Mevrouw Van 't Riet: Dat kan ik mij niet meer herinneren. Zij heeft die lijst bekeken. We hebben het niet specifiek over DMMP gehad.

De heer Oudkerk: Nu gaat het erom, dat het kabinet duidelijk informatie geeft aan de Kamer zodat er ook antwoord kan worden gegeven op vragen. Bent u op het moment dat u dat stapeltje vrachtbrieven kreeg van de regering zo geïnformeerd dat u verder kon, dat u een bevredigend antwoord kon krijgen op de vraag: is het volledig en zitten er geen rare spullen bij?
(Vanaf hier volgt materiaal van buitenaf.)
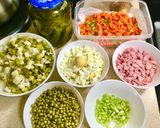 A picture of step 2 of Russian Salad or Olivier Potato Salad (Салат Оливье).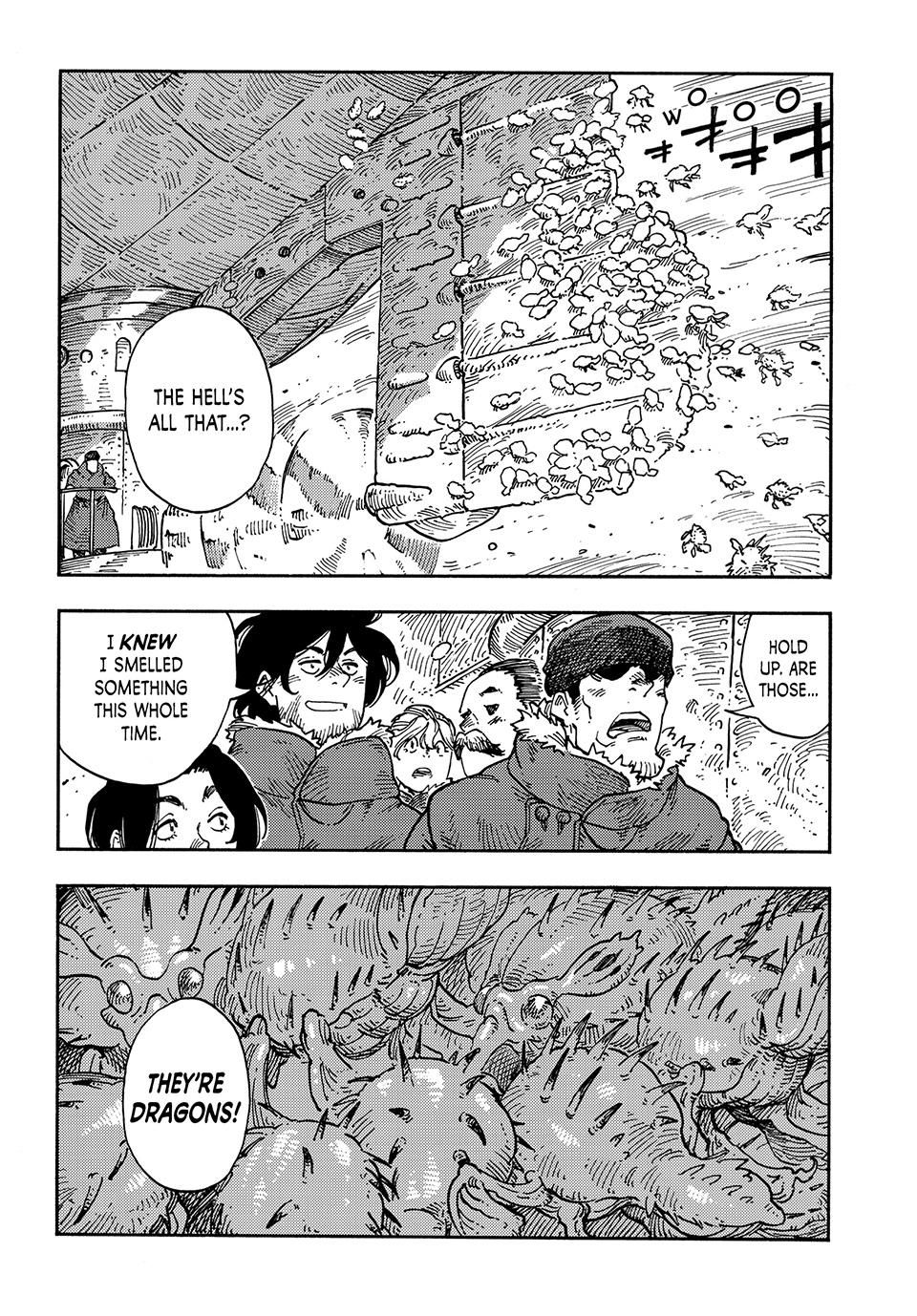 Kuutei Dragons Chapter 104 page 35 - Chapter 104: Blizzard Flying & Ice Cream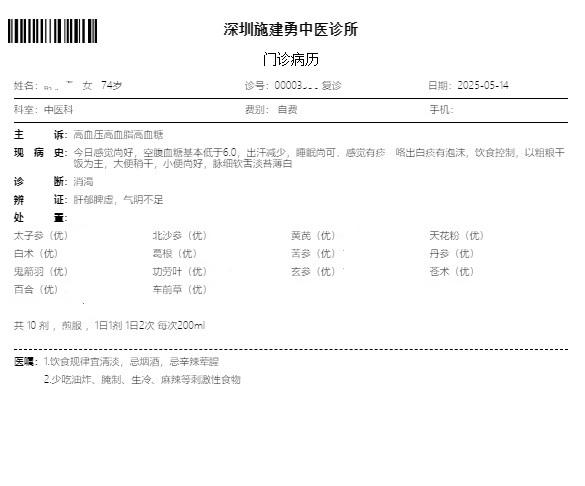 有个74岁的深圳糖友，高血压高血脂多年，这两年血糖也开始高了起来，常年吃吃美托洛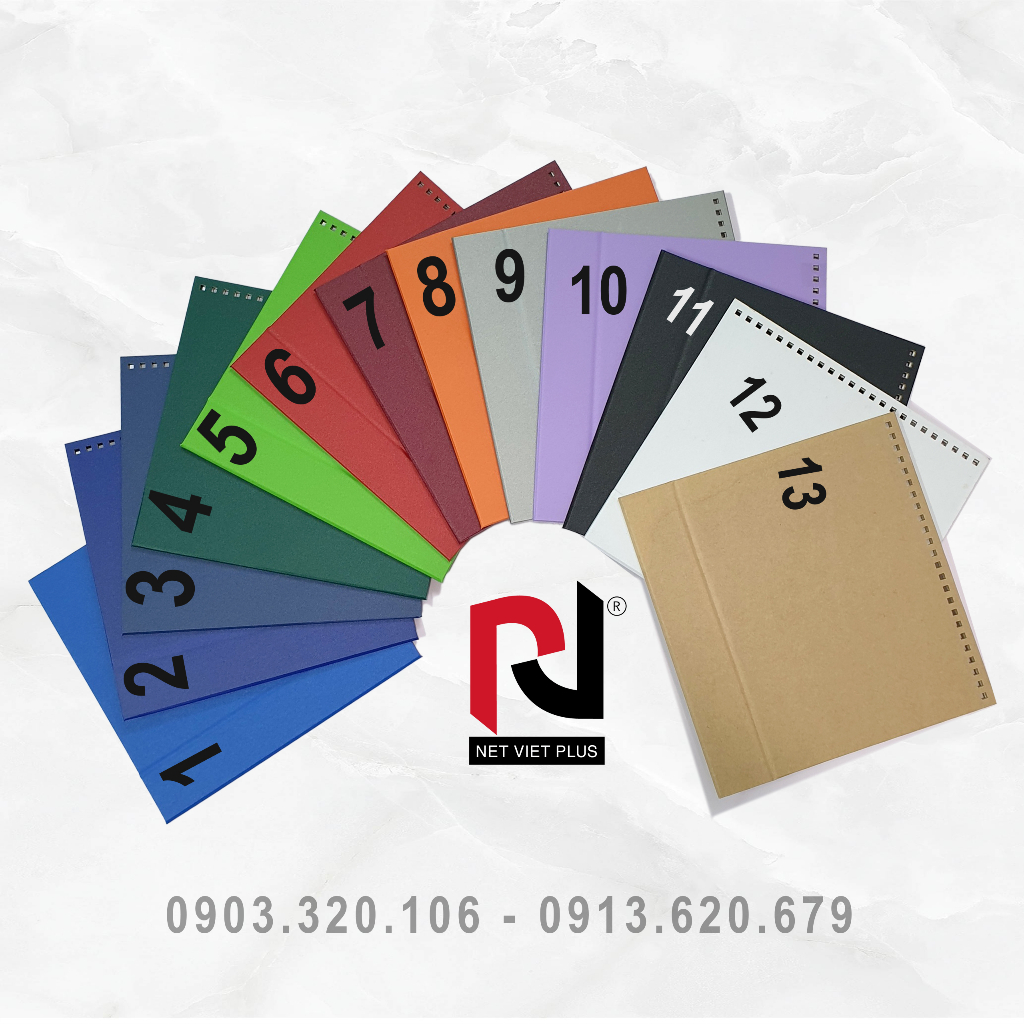 Chân đế lịch để bàn KHỔ NGANG A5 (CÓ SẴN), đủ màu sắc tươi sáng, chống thấm nước- NHẬN ĐẶT KÍCH THƯỚC THEO YÊU CẦU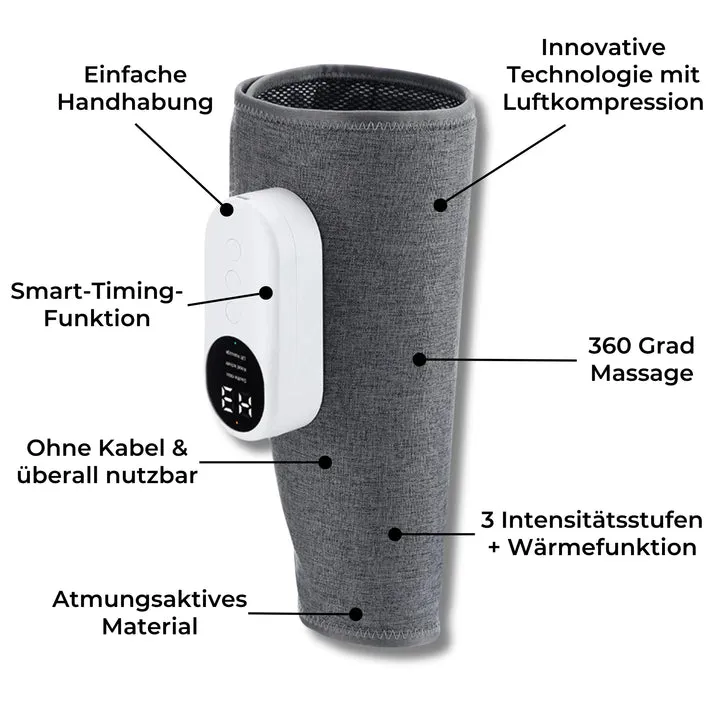 Appareil de massage électrique pour jambes et mollets avec fonction chaleur - Image 5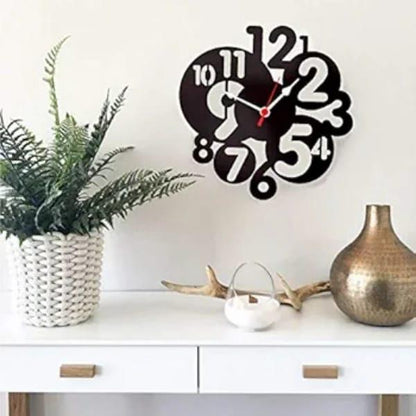 Abstract Number Design Analogue Wall Clock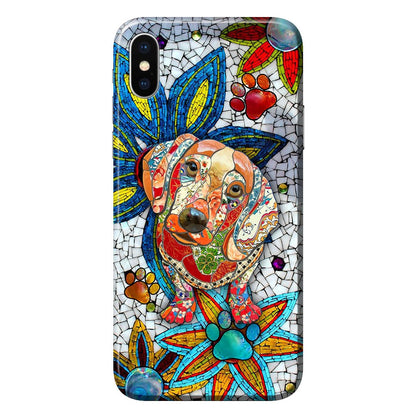 Love Dachshunds Ceramic Pattern Print Phone Case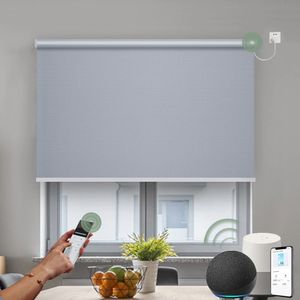 Tuya Smart Control WiFi Motor Elektrische rolgordijnen Shades Compatibel met Google Alexa Voice Aangepaste maat 240322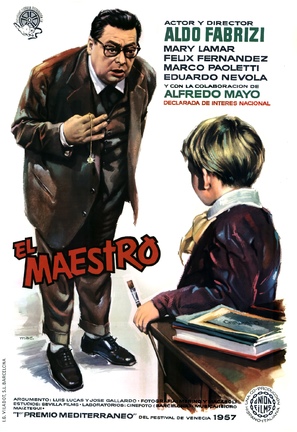El maestro - Spanish Movie Poster (thumbnail)
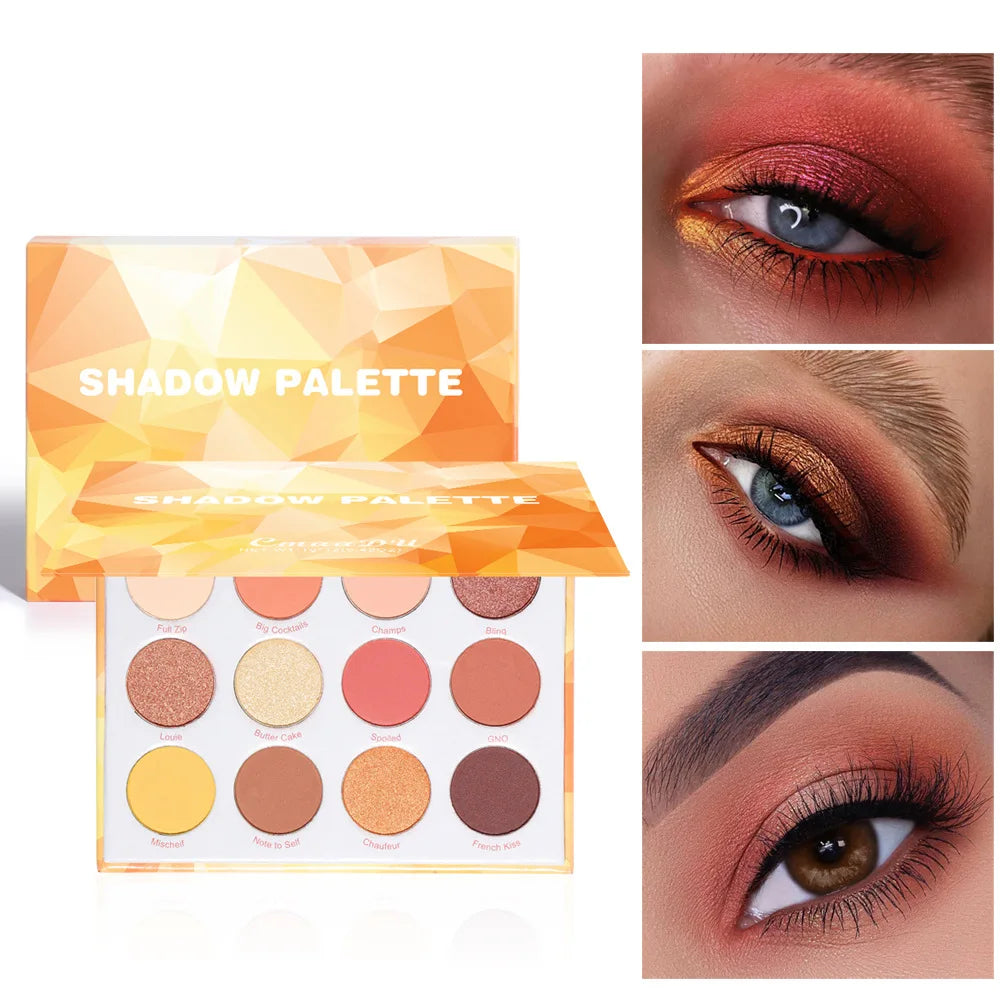 12-Color Mineral Eyeshadow Palette – Your Eyes Just Became the Main Event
Mevrouw Van 't Riet: Nee, die discussie over de samenstelling van de vracht is gewoon blijven hangen. Het ging ook over de vraag waar die lijsten zijn opgevraagd. De ECD heeft ze opgevraagd in New York bij de douane. Eerst zouden ze compleet zijn en later weer niet en ging het om maar eenzesde deel. US Customs, de verlader, heeft de house airway bills. In hoeverre zijn die compleet? Volgens mij is dat nog steeds niet het geval. In feite ging daar de discussie over en ook over de vraag in hoeverre ze getekend waren. Want het waren steeds ongetekende kopieën. De Kamer heeft zich constant erop gericht, dat ervoor moet worden gezorgd dat de vrachtbrieven compleet zijn, zodat we in ieder geval weten wat de lading is geweest. De minister gaf in eerste instantie als antwoord dat een cargo manifest genoeg is en dat een NOTOC, een soort verzameling van de papieren over gevaarlijke stoffen, aanwezig is, weliswaar in kopie, maar toch. De NOTOC is later wel getekend overhandigd. Zij noemde ook de master airway bills en de house airway bills. Eigenlijk werd aangegeven, dat het niet zo relevant was die papieren te geven, omdat ze niet te maken zouden hebben met de ramp of de effecten daarvan.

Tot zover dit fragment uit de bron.